Shamette Hepburn, Entertainment Editor
Elephant Man - file
In a bold and possibly controversial move, brewing company Red Stripe has announced its decision to withdraw sponsorship of live music events which its says facilitate "violent and anti-social lyrics".
In a statement issued yesterday, the company said that its main sponsorship beneficiaries, the annual Reggae Summerfest and Sting stage shows will no longer have its support.
"Over the years, however, a very negative trend of glorifying violence has crept into some of the music, causing much consternation among well thinking Jamaicans and others at home and abroad. This has far-reaching and damaging implications for the industry and for the country as a whole," the release stated.
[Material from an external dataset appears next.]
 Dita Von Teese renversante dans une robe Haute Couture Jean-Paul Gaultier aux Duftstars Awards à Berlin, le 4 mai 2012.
"While our most recent efforts through the Coalition of Corporate Sponsors have met with some measure of success, some performers continue to propagate, through their live performances, violent and anti-social lyrics. Red Stripe will not be party to this, and thus we have taken the very difficult decision of withdrawing sponsorship from live music events. Consequently, Red Stripe will not renew our contract for title sponsorship of Reggae Sumfest and Sting. We will, however, ensure that our brands are made available whenever and wherever our loyal consumers enjoy premium alcohol beverages."
Red Stripe's Head of Corporate Relations, Maxine Whittingham-Osborne told The STAR that the withdrawal is in tandem with the company's corporate strategies and values.
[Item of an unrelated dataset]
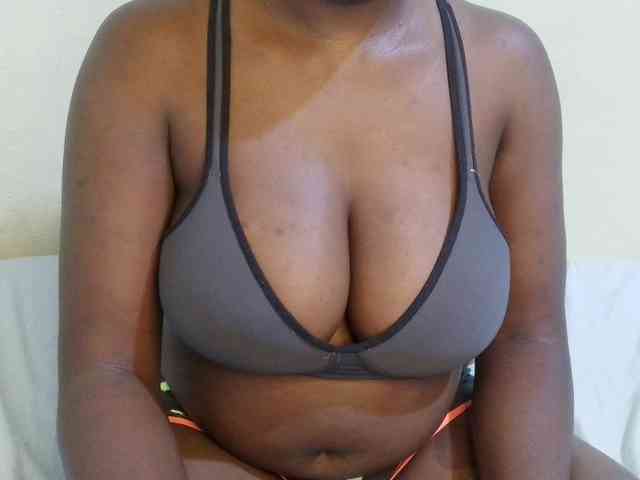 pretty-lioness webcam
"The key thing is the fact that Jamaica has been so labelled as the murder capital of the world and we need to take stock of all the things that we are doing to contribute to it," said Mrs. Whittingham-Osborne. "The glorification of violence in the music is not helping our situation."
She disclosed that Red Stripe will now shift its sponsorship focus to programmes which are analogous to its values.
"All we will be doing is shifting our marketing focus. It has to be in line with our corporate strategy and corporate values. We will be launching in the very near future a promotional activity that will be linked to the national football programme."
Declining to disclose the dollar value of the sponsorship of live music events, Mrs. Whittingham-Osborne said that it is competition sensitive information, but that the amount is in "the millions".
These ladies promote Red Stripe's involvement at an event recently. - Contributed
In response to the possibility of backlash stemming from Red Stripe's decision, she said: "To be honest we do believe that there may be some persons who are not in agreement with our position. It is time for us to take a stand. We have been working with the industry in trying to make a change. I know people tend to skew it in a particular direction."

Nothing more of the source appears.